SDL Studio Plugin Generation Process

To better understand the problem I need to explain what is happening when an SDL Studio plugin is generated from Microsoft Visual Studio. By default Visual Studio generates dll files for the projects you have in your solution when you select a build action. To be more accurate all that Visual Studio does is to run MSBuild which is the Microsoft Build Engine that is responsible for producing the assemblies, out of your source code and projects. Some of you might know already but for those of you who don't know an .sdlplugin file is not a dll, rather it's a specialized archive that could potentially contain one or more assemblies (dlls) and some other resources. So it's pretty clear that the .sdlplugin file is not produced by Visual Studio with a default setup.

A few months ago I've written an article about the SDL Studio SDK in which I explained about the SDL Studio project templates for Visual Studio. These project templates extend the standard project build process from Visual Studio by adding another step which generates the .sdplugin file. So the workflow to generate the plugin package is something like generate the dlls and then based on what you've specified in the plugin manifest generate the .sdplugin package.

If you really want to know where the magic happens, you should open your plugin .csproj file (which is just a specialized xml file) with your favourite text editor and scroll down the bottom where you should find a line similar to the one in the screenshot:

The problem(s)

If you run the build for your plugin and then you look in the output location, you might be surprised to find that you have a lot of files (I have had around 200 files for one plugin). This might come as a surprise since your plugin might only depend on a few assemblies. So from where are all these files/dlls coming from? Can these files cause any harm (this is the issue in my previous article)? Can I avoid having these files copied at all?
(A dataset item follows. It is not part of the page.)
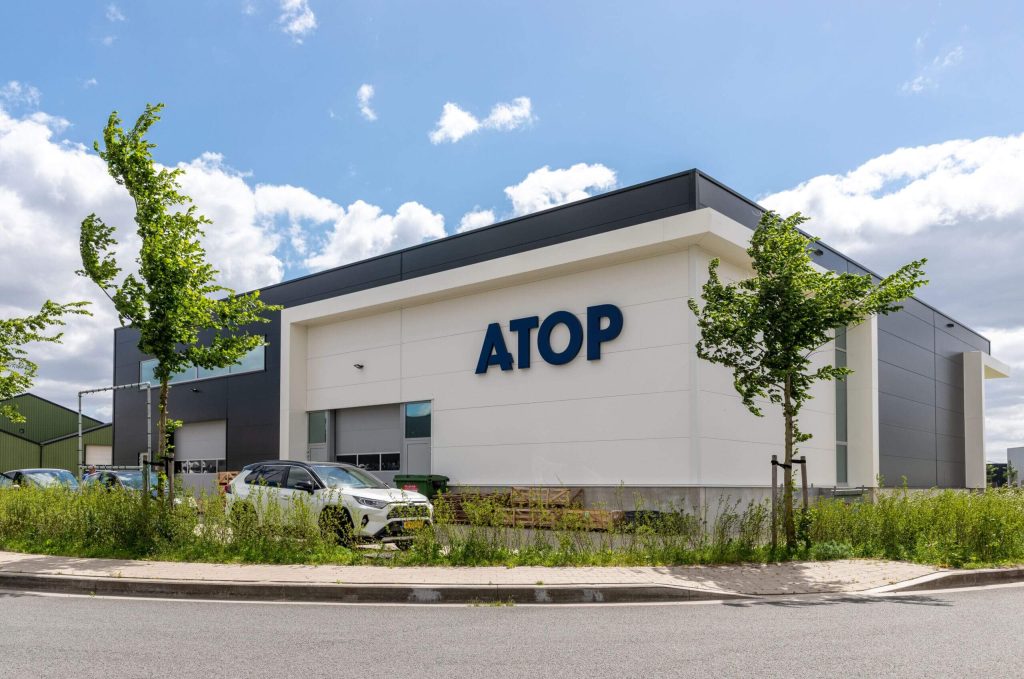 Bedrijfsgebouw met logo ATOP en geparkeerde auto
These files come from the SDL Studio install location and are copied over because your plugin depends on some Studio APIs that internally depends on these files. So, in other words, they are dependencies of your plugin dependencies. The problem with these files is that they are useless since the plugin will be loaded by SDL Studio and all this dependency will be resolved at runtime from the SDL Studio install location. On top of that you might want to use a newer version of a particular library that is also used by SDL Studio but all of a sudden you realize that during the build this is overridden with the version that was deployed with SDL Studio. All of this is happening because of Microsoft Visual Studio default behaviour.

The solution

The solution is quite simple and requires just a few clicks:

  • Open your plugin solution in Microsoft Visual Studio and expand your plugin project.

  • Under the project you should find a References section you can also expand.

  • Select all SDL Studio API assemblies that are used in your plugin and then right-click and select Properties.

  • You should now see the Properties pane inside which should have an option called Copy Local set to True.

  • Change it to false and run Clean Solution from Visual Studio.

After those steps the dependencies will no longer be copied over which will result in a cleaner output location, faster build and avoid duplicate library version issues.